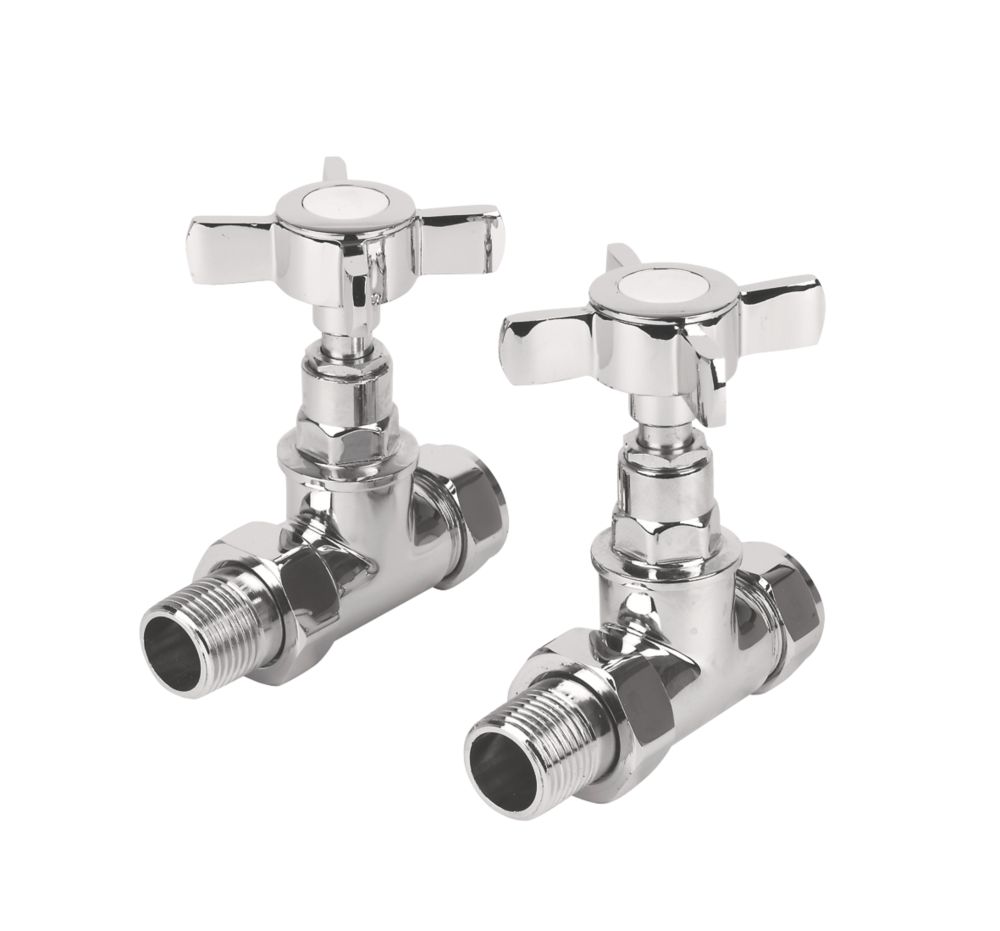 Image of Towelrads Chrome Straight Manual Designer Radiator Valve 15mm x 1/2" 2 Pack 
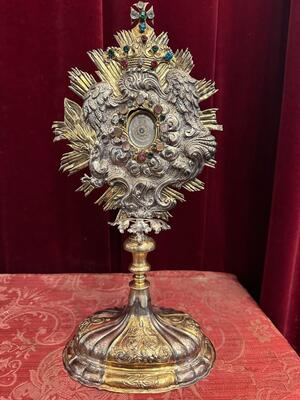 Reliquary - Relic Ex Ossibus St. Helena style Baroque - Style en Brass / Glass / Originally Sealed, Austria 18 th century ( Anno 1735 )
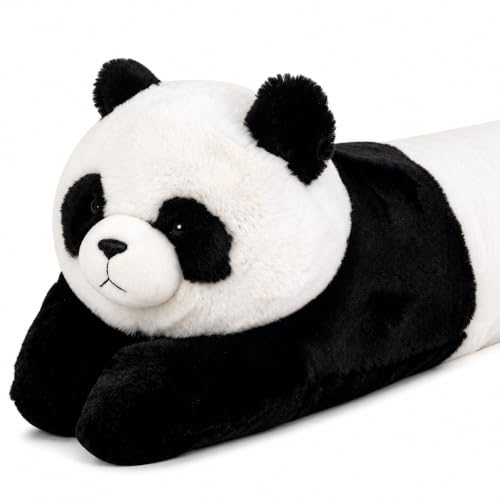 Image of MMguai 40'' Giant Panda Stuffed Animal, Large Stuffed Panda Long Body Pillow Plush Toy, Big Soft Toy Panda Jumbo Fluffy Panda Plushies Gift for Kids Boys Girls, Birthday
━━━━━━━━━━
Problem description:
Give back exactly the lines from the one containing "Reliquary - Relic" through the last line above, both included, and none of the pictures.

Task solution:
 Reliquary - Relic Ex Ossibus St. Helena style Baroque - Style en Brass / Glass / Originally Sealed, Austria 18 th century ( Anno 1735 )
 Image of MMguai 40'' Giant Panda Stuffed Animal, Large Stuffed Panda Long Body Pillow Plush Toy, Big Soft Toy Panda Jumbo Fluffy Panda Plushies Gift for Kids Boys Girls, Birthday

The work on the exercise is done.